Amazon S3 Redirection Instructions

April 9, 2015 header

Hosting static web pages on Amazon S3 is easy. Making sure your links don't break isn't.

I've recently moved this blog from a freely hosted wordpress.com blog to this static host on Amazon S3. In hopes of maintaining a steady stream of visitors, I've also purchased the $13/year website forwarding package from Wordpress. Now anyone who tries to visit any of my old blog URL's will be automatically forwarded to this new host. Problem is, I've made slight changes to the blog directory structure, and now most of the automatically forwarded traffic is served a 404 page. Not good! Amazon S3 has the ability to automatically redirect traffic, the only issues being that:

  1. Your limited to 50 redirects total
  2. Redirects must be in Amazon valid XML format

So, with these limits in mind, I'm going to step you through the way to create your XML file and put Amazon S3 redirects to work for you!

First things first: Compile a list of old URL's

With an upper limit of 50 redirects, you need to select your highest traffic pages. I used my Wordpress Site Stats to get a list of my 50 top trafficked pages of all time. I used my hacker skills to 'get source' of the resulting web page, then ran the raw HTML through this online engine which extracts the URLs and puts them into a spreadsheet format.

http://tools.buzzstream.com/link-building-extract-urls
I imported the resulting .csv download into Google Spreadsheets. Remove the 2 second columns (named as Domain and Anchor), as we don't need them. Use the search and replace function to also remove any leading Server URLs. Basically, everything from 'http;//blogname.wordpress.com' at the beginning of every URL. Remove any links to .php pages, and slim it to the top 50 links. Here's my top 5 results:

/2012/07/30/looking-for-clever-funny-best-man-speech-jokes/
/2010/07/21/four-loko-alcopop-taste-test-blue-raspberry-orange-blend-or-loko-uva/
/2010/08/23/four-loko-alcopop-taste-test-part-2-lemonade-watermelon-cranberry-lemonade/
/2012/08/25/phillly-naked-bike-ride-2012/
/2010/04/07/make-your-own-power-over-ethernet-injector/

Second things second: Compile a list of new URL's

Wordpress adds the day of publication to the page directory structure, as noted by the /####/##/##/ format in the URLs above. Using grep, I was able to change it to the following example:

/2012/07/looking-for-clever-funny-best-man-speech-jokes/
/2010/07/four-loko-alcopop-taste-test-blue-raspberry-orange-blend-or-loko-uva/
/2010/08/four-loko-alcopop-taste-test-part-2-lemonade-watermelon-cranberry-lemonade/
/2012/08/phillly-naked-bike-ride-2012/
/2010/04/make-your-own-power-over-ethernet-injector/

In this case, I searched for (\d{4})\/(\d{2})\/\d{2} and replaced it with \1/\2 using my favorite text editor, BB Edit. It basically searches for this pattern: ####/##/## and replaces with this pattern: ####/##.

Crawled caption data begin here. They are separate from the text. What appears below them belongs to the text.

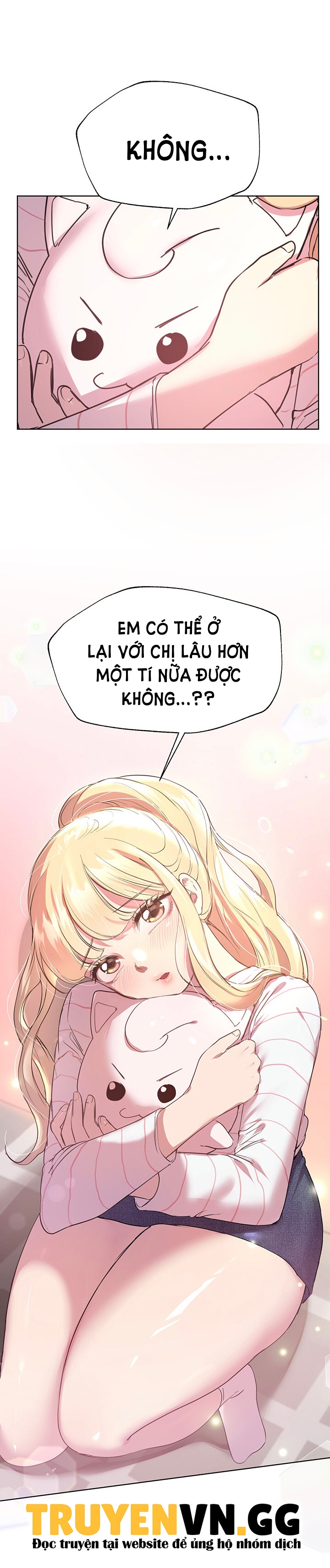 Những Người Bạn Của Chị Tôi Chapter 19 - Page 35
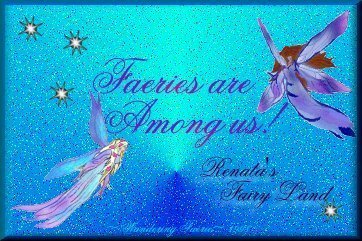 Wandering Fairies Award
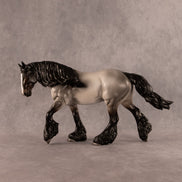 Matey OOAK FCM Irish Cob by Ashley Palmer EQ26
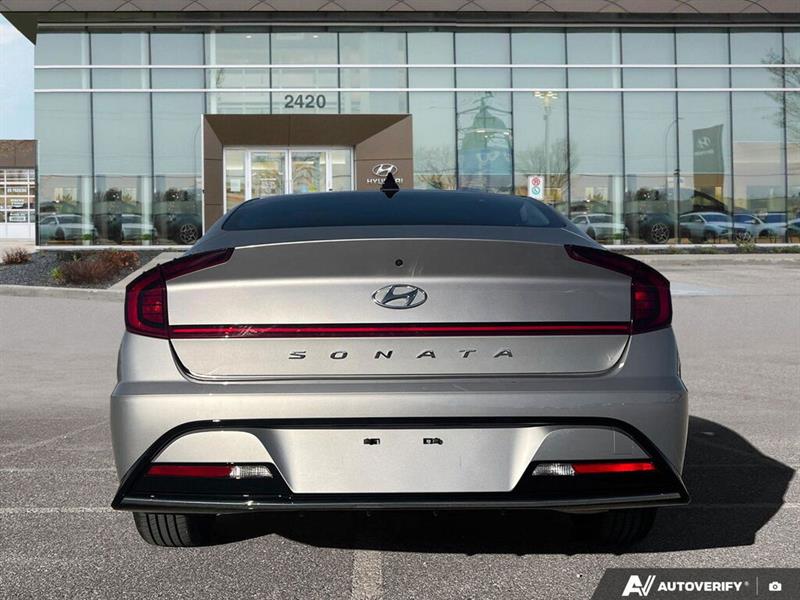 hyundai Sonata 2023 - 7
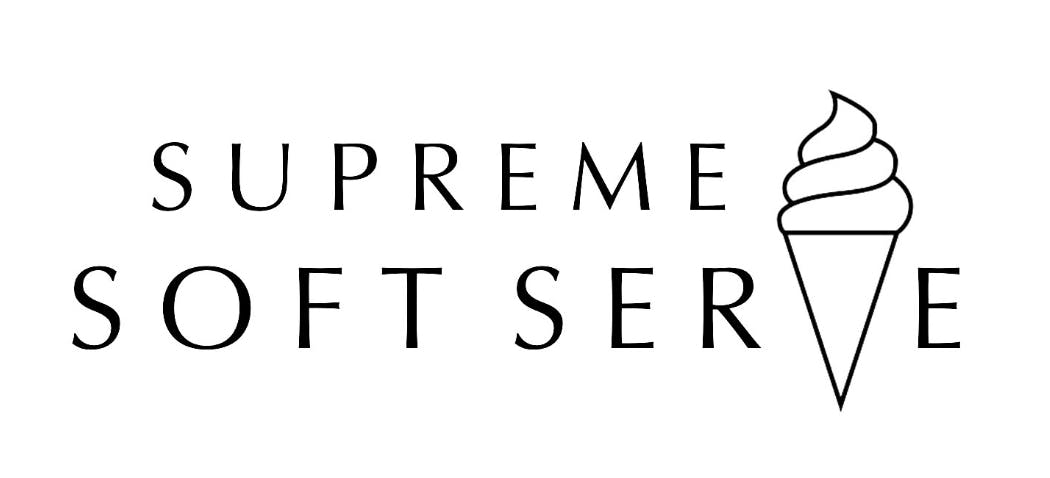 Featured photo from Supreme Soft Serve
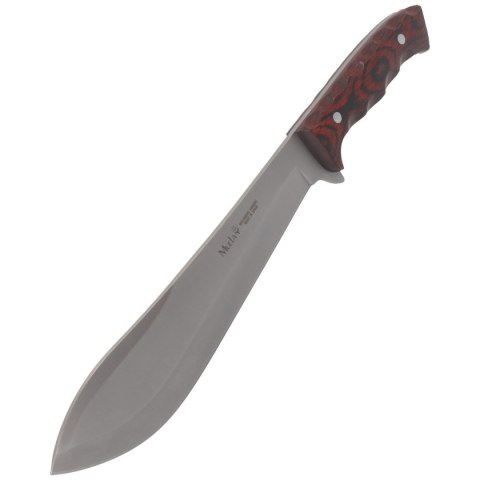 Maczeta Muela Machete Pakka Wood, Satin X50CrMoV15 Muela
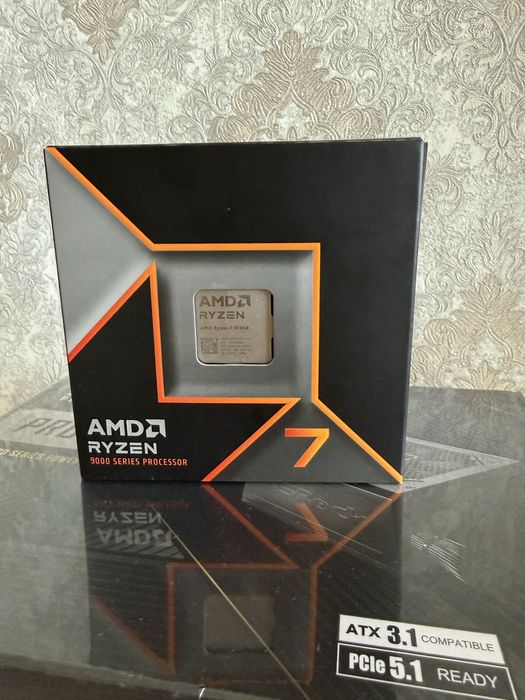 Ryzen 7 9700x open box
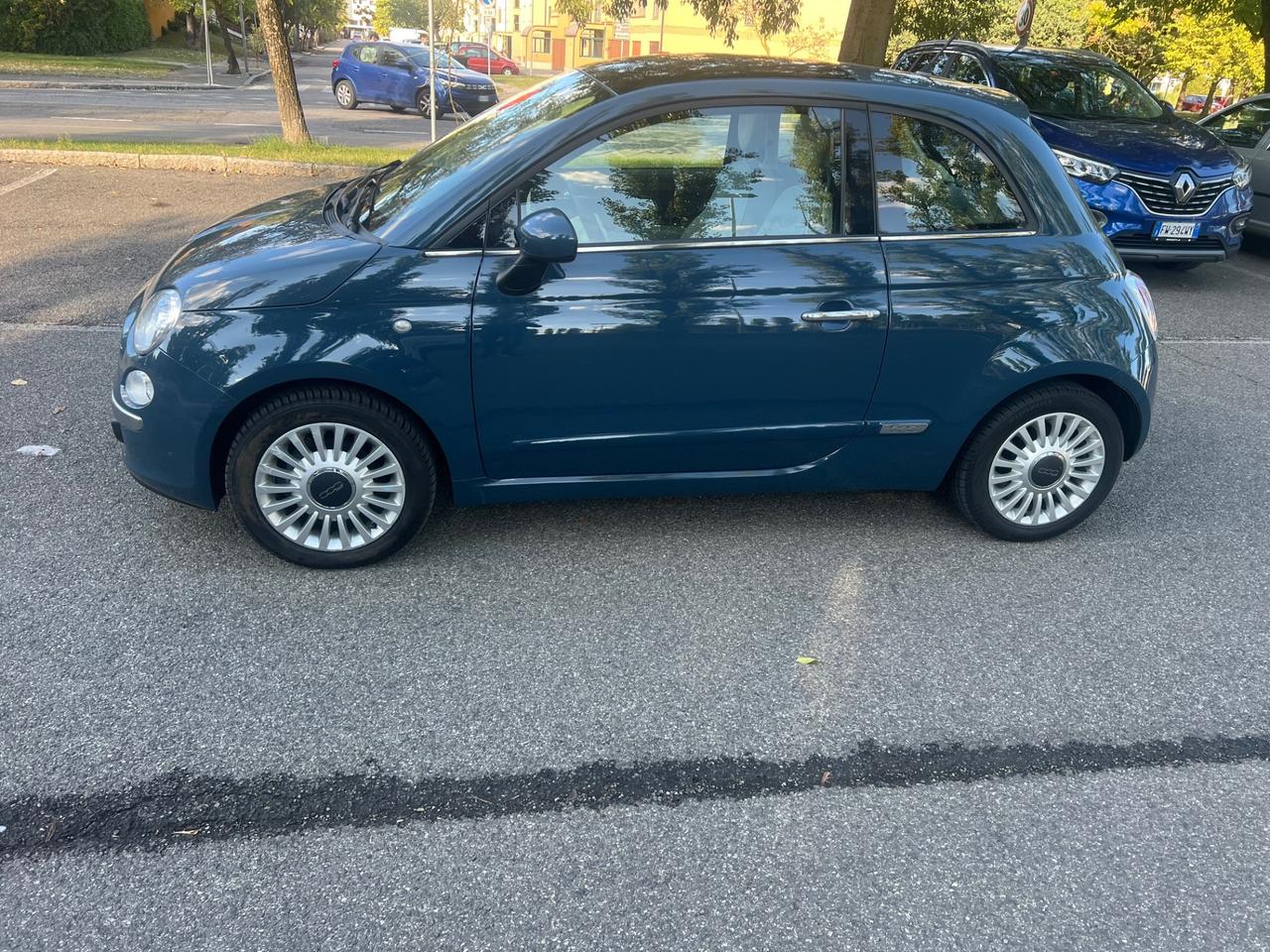 Fiat 500 1.3 Multijet 16V 75CV Pop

Copy your new streamlined list of URLs, and go back to your spreadsheet. Paste the column of new URL's in a column to the right of the existing URL's. They should match up, so export the resulting file as a Tab-Delimited file.

Turn your spreadsheet into XML

Open your tab-delimited file in your text editor, select all the text, and head over to this free app that converts that input into valid Amazon XML:

http://quiet-cove-8872.herokuapp.com/

The format is shown on the page, but basically, it accepts the original link, then the new link on the same line, with at least a space between them. As we exported our file as tab-delimited, there's a tab between each URL, and 2 URL's on each line. Perfect format for this tool! Paste it in, and hit the 'Give me the XML' button, and the resulting page will be your newly formed XML. Copy that text file, and head over to your Amazon S3 Management Console.

Add to Amazon S3 host, Enjoy!

amazons3 The Redirection Rules for any bucket are part of the Static Website Hosting section. Click the Magnifing Glass next to the bucket to bring up the Properties. Open the Static Website Hosting section, then the Redirection Rules section. Simply paste your XML into the field, then hit Save. If it validates, you'll find it presents you with a tiny green checkmark.

You're done!